本申请涉及语音处理技术领域,尤其涉及一种语音输入的方法和相关设备。
随着语音识别技术的发展,越来越多的智能终端设备(包括智能手机、平板电脑、可穿戴设备等)上安装了智能语音助手,为用户提供语音转写、录音整理服务。用户使用智能终端设备录制语音,智能终端设备将语音上传至云端或存储在本地,由云端或本地的语音处理引擎对录制的语音进行处理,转化成文字呈现给用户。高效率、高准确率的音频转写功能为用户节省了大量的时间,有效提升工作效率。
现有的智能语音输入方案为:用户打开智能终端设备,启动语音助手应用程序(application,APP),点击APP中的语音输入按钮,然后开始说话。语音助手即开始录制语音,语音助手APP通过语音识别技术对输入的语音进行识别并将语音转化为文字。用户还可以在语音助手APP中进行设置,将语音助手设置为通知栏快捷工具,用户打开智能终端设备后,通过通知栏快捷工具快速进行语音输入。

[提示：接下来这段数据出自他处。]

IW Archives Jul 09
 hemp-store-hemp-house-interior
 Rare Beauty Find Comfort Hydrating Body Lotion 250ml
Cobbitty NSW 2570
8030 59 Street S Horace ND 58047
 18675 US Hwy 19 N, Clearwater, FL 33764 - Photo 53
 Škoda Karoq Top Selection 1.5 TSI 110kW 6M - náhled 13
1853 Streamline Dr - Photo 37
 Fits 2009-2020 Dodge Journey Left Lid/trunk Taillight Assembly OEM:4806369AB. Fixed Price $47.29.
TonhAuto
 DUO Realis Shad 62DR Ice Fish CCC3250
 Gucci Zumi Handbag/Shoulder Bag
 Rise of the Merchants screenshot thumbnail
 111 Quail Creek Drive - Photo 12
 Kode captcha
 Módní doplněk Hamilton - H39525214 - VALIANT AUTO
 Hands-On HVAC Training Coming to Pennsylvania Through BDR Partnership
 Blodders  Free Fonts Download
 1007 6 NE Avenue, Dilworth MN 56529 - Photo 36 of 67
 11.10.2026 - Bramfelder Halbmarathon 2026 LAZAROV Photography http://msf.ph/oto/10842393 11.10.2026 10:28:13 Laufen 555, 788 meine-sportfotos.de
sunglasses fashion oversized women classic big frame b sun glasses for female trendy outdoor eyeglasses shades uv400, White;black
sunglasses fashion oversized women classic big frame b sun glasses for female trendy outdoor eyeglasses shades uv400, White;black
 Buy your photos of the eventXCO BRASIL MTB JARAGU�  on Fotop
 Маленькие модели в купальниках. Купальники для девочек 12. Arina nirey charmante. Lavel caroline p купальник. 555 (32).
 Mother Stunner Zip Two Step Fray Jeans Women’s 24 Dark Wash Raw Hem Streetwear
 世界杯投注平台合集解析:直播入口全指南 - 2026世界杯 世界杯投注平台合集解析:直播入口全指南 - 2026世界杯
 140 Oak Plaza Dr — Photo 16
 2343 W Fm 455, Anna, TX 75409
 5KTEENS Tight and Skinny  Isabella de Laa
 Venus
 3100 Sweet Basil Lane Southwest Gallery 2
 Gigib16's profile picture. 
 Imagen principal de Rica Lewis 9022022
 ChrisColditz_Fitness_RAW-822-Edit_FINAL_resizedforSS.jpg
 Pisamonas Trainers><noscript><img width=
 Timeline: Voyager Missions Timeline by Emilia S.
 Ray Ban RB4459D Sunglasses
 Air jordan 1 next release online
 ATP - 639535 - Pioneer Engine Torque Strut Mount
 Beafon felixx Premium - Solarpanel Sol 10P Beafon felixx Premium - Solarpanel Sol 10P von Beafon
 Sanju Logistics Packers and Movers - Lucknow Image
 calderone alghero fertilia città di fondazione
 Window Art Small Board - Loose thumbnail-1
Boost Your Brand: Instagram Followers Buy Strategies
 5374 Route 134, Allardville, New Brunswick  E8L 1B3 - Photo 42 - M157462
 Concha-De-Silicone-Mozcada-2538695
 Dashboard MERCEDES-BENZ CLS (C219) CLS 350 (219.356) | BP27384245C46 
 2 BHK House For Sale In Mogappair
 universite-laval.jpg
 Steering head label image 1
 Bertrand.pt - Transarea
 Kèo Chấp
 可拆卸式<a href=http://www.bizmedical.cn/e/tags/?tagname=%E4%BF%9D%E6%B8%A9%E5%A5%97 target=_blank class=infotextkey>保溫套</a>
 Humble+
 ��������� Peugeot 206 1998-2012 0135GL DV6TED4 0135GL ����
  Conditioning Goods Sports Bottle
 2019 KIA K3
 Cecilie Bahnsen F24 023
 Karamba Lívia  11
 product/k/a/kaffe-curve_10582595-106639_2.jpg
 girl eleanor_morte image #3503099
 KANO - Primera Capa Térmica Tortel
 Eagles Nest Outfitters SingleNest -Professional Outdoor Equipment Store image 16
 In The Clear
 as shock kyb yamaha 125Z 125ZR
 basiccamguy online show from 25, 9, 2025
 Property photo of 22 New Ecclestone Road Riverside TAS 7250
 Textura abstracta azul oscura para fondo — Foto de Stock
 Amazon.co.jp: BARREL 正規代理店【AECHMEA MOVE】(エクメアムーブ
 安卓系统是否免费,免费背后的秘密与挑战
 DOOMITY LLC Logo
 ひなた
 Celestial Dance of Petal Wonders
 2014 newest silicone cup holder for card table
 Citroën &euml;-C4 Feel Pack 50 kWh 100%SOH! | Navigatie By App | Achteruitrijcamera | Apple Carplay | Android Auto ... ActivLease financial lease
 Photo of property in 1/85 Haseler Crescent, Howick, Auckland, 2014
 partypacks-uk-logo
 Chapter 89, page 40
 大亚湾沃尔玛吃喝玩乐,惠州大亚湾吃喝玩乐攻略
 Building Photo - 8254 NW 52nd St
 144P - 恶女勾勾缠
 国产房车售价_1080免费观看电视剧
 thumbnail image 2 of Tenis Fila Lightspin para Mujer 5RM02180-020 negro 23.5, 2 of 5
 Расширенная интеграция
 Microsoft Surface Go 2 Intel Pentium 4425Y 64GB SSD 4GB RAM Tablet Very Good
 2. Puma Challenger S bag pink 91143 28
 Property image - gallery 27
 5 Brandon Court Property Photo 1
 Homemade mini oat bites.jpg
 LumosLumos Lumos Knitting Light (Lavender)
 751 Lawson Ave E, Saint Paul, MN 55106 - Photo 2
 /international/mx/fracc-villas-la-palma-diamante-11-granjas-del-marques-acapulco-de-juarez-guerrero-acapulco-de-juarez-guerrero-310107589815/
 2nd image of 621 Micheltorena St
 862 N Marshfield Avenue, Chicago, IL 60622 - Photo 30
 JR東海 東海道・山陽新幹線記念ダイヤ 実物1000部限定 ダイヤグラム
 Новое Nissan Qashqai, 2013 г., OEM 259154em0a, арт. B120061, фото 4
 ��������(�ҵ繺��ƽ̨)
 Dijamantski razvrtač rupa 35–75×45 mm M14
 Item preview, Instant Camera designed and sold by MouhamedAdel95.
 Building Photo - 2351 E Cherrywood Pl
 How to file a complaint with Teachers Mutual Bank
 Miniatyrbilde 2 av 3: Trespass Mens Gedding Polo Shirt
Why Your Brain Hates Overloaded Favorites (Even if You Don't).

可以看出,目前的语音输入方案中,用户需要经过多个操作步骤才能启动语音输入功能,操作复杂。
发明内容
本申请实施例提供了一种语音输入的方法,用于简化启动语音输入功能的过程。
本申请实施例的第一方面提供一种语音输入的方法,包括:第一终端与第二终端之间建立连接关系,以使得第一终端与第二终端之间可以传输信息。在建立连接关系后,第一终端接收第二终端发送的第一消息;第一终端从第一消息中提取相关信息,并根据该第一消息启动第一终端上的语音输入功能;第一终端通过所述语音输入功能获取语音数据,然后第一终端对获取到的语音数据进行识别并转换成文本信息。本申请实施例中,通过与第二终端的简单交互,快速启动第一终端的语音输入功能,简化启动语音输入功能的过程。
在一种可能的设计中,在本申请实施例第一方面的第一种实现方式中,所述第一终端根据所述第一消息启动语音输入功能包括:所述第一终端根据所述第一消息启动第一终端上的语音输入功能;当第一消息中不包含语音数据时,第一终端通过第一终端的语音输入功能采集第一终端周围的语音信号,并转换成语音数据。本申请实施例提供了通过语音输入功能采集语音信号并生成语音数据的过程,增加了本申请实施例的可实现性和可操作性。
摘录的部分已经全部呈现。